To do:
An exact copy of the entries is required, excluding any pictures.
Top of Provided data
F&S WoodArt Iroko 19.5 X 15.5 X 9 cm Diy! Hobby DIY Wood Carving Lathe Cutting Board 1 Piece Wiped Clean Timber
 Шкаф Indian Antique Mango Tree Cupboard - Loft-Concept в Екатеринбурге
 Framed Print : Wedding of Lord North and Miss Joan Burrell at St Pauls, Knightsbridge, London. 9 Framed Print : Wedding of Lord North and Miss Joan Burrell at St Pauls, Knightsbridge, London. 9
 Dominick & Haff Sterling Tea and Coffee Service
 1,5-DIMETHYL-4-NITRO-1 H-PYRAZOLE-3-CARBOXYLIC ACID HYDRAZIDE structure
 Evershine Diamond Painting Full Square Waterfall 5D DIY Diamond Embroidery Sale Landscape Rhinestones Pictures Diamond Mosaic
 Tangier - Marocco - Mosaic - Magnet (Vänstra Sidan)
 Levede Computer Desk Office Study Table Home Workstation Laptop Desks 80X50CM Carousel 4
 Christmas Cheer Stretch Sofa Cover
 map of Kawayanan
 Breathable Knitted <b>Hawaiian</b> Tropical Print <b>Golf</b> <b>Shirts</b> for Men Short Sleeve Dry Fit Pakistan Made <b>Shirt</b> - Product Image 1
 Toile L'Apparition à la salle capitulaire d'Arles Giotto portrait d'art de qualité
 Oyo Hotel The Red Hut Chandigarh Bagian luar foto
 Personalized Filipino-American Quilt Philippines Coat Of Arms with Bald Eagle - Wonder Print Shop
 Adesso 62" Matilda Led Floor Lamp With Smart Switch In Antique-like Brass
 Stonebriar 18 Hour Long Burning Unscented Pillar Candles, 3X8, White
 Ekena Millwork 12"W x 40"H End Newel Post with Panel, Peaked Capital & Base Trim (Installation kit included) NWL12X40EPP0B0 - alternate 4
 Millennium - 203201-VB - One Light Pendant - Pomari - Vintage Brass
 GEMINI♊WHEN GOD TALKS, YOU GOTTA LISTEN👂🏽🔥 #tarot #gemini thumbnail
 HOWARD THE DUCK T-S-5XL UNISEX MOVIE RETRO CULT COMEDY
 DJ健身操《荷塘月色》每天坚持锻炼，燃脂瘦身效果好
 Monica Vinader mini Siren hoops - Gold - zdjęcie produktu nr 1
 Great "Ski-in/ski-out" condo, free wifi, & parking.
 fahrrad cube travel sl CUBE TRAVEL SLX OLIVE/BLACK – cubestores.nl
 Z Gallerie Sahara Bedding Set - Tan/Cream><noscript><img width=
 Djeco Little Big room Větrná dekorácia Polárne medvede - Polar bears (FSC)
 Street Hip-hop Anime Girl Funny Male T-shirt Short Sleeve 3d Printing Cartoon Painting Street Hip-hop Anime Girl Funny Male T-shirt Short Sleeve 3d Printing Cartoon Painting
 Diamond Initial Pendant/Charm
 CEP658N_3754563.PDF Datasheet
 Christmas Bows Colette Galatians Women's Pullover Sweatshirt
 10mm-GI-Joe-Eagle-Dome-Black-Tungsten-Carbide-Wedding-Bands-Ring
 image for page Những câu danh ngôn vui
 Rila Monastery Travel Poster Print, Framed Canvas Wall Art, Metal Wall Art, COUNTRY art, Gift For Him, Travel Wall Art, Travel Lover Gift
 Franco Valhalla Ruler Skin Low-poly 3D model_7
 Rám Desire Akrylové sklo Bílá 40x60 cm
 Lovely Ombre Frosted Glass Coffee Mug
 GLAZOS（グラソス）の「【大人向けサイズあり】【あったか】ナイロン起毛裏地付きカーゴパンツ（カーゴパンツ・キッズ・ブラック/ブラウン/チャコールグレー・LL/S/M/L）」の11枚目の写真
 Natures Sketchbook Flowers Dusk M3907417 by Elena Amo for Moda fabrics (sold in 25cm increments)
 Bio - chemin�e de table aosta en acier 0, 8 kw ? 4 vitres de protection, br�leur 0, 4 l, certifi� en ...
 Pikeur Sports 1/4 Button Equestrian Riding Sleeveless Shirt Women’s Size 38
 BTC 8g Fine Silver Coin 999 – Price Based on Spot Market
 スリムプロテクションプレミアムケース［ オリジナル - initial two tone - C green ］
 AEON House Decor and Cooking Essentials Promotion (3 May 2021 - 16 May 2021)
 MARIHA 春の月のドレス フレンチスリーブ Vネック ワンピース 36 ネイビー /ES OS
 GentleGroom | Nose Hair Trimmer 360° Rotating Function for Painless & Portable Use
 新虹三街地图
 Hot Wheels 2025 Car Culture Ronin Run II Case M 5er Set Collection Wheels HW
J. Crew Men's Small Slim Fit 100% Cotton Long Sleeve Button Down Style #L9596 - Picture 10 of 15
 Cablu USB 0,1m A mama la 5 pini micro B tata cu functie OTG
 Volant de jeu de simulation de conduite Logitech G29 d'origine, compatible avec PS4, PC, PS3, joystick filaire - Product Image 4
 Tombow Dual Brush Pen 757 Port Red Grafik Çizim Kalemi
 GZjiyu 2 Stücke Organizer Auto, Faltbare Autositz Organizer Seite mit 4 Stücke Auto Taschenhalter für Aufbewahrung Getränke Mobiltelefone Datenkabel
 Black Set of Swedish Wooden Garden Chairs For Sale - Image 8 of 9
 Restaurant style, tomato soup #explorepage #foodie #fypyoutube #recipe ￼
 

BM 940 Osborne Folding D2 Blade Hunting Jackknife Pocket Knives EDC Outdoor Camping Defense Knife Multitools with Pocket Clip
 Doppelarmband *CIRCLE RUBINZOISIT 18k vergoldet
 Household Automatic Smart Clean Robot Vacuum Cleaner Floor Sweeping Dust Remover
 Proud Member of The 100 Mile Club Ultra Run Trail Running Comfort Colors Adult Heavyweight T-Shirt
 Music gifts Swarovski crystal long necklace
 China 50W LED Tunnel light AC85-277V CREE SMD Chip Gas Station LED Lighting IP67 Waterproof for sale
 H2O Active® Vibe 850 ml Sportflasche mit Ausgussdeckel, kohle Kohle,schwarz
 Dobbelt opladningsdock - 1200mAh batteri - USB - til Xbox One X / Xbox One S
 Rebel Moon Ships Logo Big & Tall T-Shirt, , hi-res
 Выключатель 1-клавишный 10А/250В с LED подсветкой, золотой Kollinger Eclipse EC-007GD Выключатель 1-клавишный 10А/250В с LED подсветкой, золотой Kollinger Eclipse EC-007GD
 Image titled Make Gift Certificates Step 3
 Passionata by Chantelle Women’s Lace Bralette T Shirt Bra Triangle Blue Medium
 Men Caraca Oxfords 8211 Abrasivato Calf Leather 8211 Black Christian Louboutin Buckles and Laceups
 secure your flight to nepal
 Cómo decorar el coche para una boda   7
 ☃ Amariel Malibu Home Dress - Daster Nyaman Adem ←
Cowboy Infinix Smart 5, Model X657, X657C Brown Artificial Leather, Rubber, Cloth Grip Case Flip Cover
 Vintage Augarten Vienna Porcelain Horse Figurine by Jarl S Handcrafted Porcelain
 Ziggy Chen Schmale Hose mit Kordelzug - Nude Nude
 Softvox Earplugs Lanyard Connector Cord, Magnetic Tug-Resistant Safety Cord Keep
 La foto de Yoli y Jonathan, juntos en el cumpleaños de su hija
Bottom of Provided data
The completed task:
F&S WoodArt Iroko 19.5 X 15.5 X 9 cm Diy! Hobby DIY Wood Carving Lathe Cutting Board 1 Piece Wiped Clean Timber
 Шкаф Indian Antique Mango Tree Cupboard - Loft-Concept в Екатеринбурге
 Framed Print : Wedding of Lord North and Miss Joan Burrell at St Pauls, Knightsbridge, London. 9 Framed Print : Wedding of Lord North and Miss Joan Burrell at St Pauls, Knightsbridge, London. 9
 Dominick & Haff Sterling Tea and Coffee Service
 1,5-DIMETHYL-4-NITRO-1 H-PYRAZOLE-3-CARBOXYLIC ACID HYDRAZIDE structure
 Evershine Diamond Painting Full Square Waterfall 5D DIY Diamond Embroidery Sale Landscape Rhinestones Pictures Diamond Mosaic
 Tangier - Marocco - Mosaic - Magnet (Vänstra Sidan)
 Levede Computer Desk Office Study Table Home Workstation Laptop Desks 80X50CM Carousel 4
 Christmas Cheer Stretch Sofa Cover
 map of Kawayanan
 Breathable Knitted <b>Hawaiian</b> Tropical Print <b>Golf</b> <b>Shirts</b> for Men Short Sleeve Dry Fit Pakistan Made <b>Shirt</b> - Product Image 1
 Toile L'Apparition à la salle capitulaire d'Arles Giotto portrait d'art de qualité
 Oyo Hotel The Red Hut Chandigarh Bagian luar foto
 Personalized Filipino-American Quilt Philippines Coat Of Arms with Bald Eagle - Wonder Print Shop
 Adesso 62" Matilda Led Floor Lamp With Smart Switch In Antique-like Brass
 Stonebriar 18 Hour Long Burning Unscented Pillar Candles, 3X8, White
 Ekena Millwork 12"W x 40"H End Newel Post with Panel, Peaked Capital & Base Trim (Installation kit included) NWL12X40EPP0B0 - alternate 4
 Millennium - 203201-VB - One Light Pendant - Pomari - Vintage Brass
 GEMINI♊WHEN GOD TALKS, YOU GOTTA LISTEN👂🏽🔥 #tarot #gemini thumbnail
 HOWARD THE DUCK T-S-5XL UNISEX MOVIE RETRO CULT COMEDY
 DJ健身操《荷塘月色》每天坚持锻炼，燃脂瘦身效果好
 Monica Vinader mini Siren hoops - Gold - zdjęcie produktu nr 1
 Great "Ski-in/ski-out" condo, free wifi, & parking.
 fahrrad cube travel sl CUBE TRAVEL SLX OLIVE/BLACK – cubestores.nl
 Z Gallerie Sahara Bedding Set - Tan/Cream><noscript><img width=
 Djeco Little Big room Větrná dekorácia Polárne medvede - Polar bears (FSC)
 Street Hip-hop Anime Girl Funny Male T-shirt Short Sleeve 3d Printing Cartoon Painting Street Hip-hop Anime Girl Funny Male T-shirt Short Sleeve 3d Printing Cartoon Painting
 Diamond Initial Pendant/Charm
 CEP658N_3754563.PDF Datasheet
 Christmas Bows Colette Galatians Women's Pullover Sweatshirt
 10mm-GI-Joe-Eagle-Dome-Black-Tungsten-Carbide-Wedding-Bands-Ring
 image for page Những câu danh ngôn vui
 Rila Monastery Travel Poster Print, Framed Canvas Wall Art, Metal Wall Art, COUNTRY art, Gift For Him, Travel Wall Art, Travel Lover Gift
 Franco Valhalla Ruler Skin Low-poly 3D model_7
 Rám Desire Akrylové sklo Bílá 40x60 cm
 Lovely Ombre Frosted Glass Coffee Mug
 GLAZOS（グラソス）の「【大人向けサイズあり】【あったか】ナイロン起毛裏地付きカーゴパンツ（カーゴパンツ・キッズ・ブラック/ブラウン/チャコールグレー・LL/S/M/L）」の11枚目の写真
 Natures Sketchbook Flowers Dusk M3907417 by Elena Amo for Moda fabrics (sold in 25cm increments)
 Bio - chemin�e de table aosta en acier 0, 8 kw ? 4 vitres de protection, br�leur 0, 4 l, certifi� en ...
 Pikeur Sports 1/4 Button Equestrian Riding Sleeveless Shirt Women’s Size 38
 BTC 8g Fine Silver Coin 999 – Price Based on Spot Market
 スリムプロテクションプレミアムケース［ オリジナル - initial two tone - C green ］
 AEON House Decor and Cooking Essentials Promotion (3 May 2021 - 16 May 2021)
 MARIHA 春の月のドレス フレンチスリーブ Vネック ワンピース 36 ネイビー /ES OS
 GentleGroom | Nose Hair Trimmer 360° Rotating Function for Painless & Portable Use
 新虹三街地图
 Hot Wheels 2025 Car Culture Ronin Run II Case M 5er Set Collection Wheels HW
J. Crew Men's Small Slim Fit 100% Cotton Long Sleeve Button Down Style #L9596 - Picture 10 of 15
 Cablu USB 0,1m A mama la 5 pini micro B tata cu functie OTG
 Volant de jeu de simulation de conduite Logitech G29 d'origine, compatible avec PS4, PC, PS3, joystick filaire - Product Image 4
 Tombow Dual Brush Pen 757 Port Red Grafik Çizim Kalemi
 GZjiyu 2 Stücke Organizer Auto, Faltbare Autositz Organizer Seite mit 4 Stücke Auto Taschenhalter für Aufbewahrung Getränke Mobiltelefone Datenkabel
 Black Set of Swedish Wooden Garden Chairs For Sale - Image 8 of 9
 Restaurant style, tomato soup #explorepage #foodie #fypyoutube #recipe 
 

BM 940 Osborne Folding D2 Blade Hunting Jackknife Pocket Knives EDC Outdoor Camping Defense Knife Multitools with Pocket Clip
 Doppelarmband *CIRCLE RUBINZOISIT 18k vergoldet
 Household Automatic Smart Clean Robot Vacuum Cleaner Floor Sweeping Dust Remover
 Proud Member of The 100 Mile Club Ultra Run Trail Running Comfort Colors Adult Heavyweight T-Shirt
 Music gifts Swarovski crystal long necklace
 China 50W LED Tunnel light AC85-277V CREE SMD Chip Gas Station LED Lighting IP67 Waterproof for sale
 H2O Active® Vibe 850 ml Sportflasche mit Ausgussdeckel, kohle Kohle,schwarz
 Dobbelt opladningsdock - 1200mAh batteri - USB - til Xbox One X / Xbox One S
 Rebel Moon Ships Logo Big & Tall T-Shirt, , hi-res
 Выключатель 1-клавишный 10А/250В с LED подсветкой, золотой Kollinger Eclipse EC-007GD Выключатель 1-клавишный 10А/250В с LED подсветкой, золотой Kollinger Eclipse EC-007GD
 Image titled Make Gift Certificates Step 3
 Passionata by Chantelle Women’s Lace Bralette T Shirt Bra Triangle Blue Medium
 Men Caraca Oxfords 8211 Abrasivato Calf Leather 8211 Black Christian Louboutin Buckles and Laceups
 secure your flight to nepal
 Cómo decorar el coche para una boda   7
 ☃ Amariel Malibu Home Dress - Daster Nyaman Adem ←
Cowboy Infinix Smart 5, Model X657, X657C Brown Artificial Leather, Rubber, Cloth Grip Case Flip Cover
 Vintage Augarten Vienna Porcelain Horse Figurine by Jarl S Handcrafted Porcelain
 Ziggy Chen Schmale Hose mit Kordelzug - Nude Nude
 Softvox Earplugs Lanyard Connector Cord, Magnetic Tug-Resistant Safety Cord Keep
 La foto de Yoli y Jonathan, juntos en el cumpleaños de su hija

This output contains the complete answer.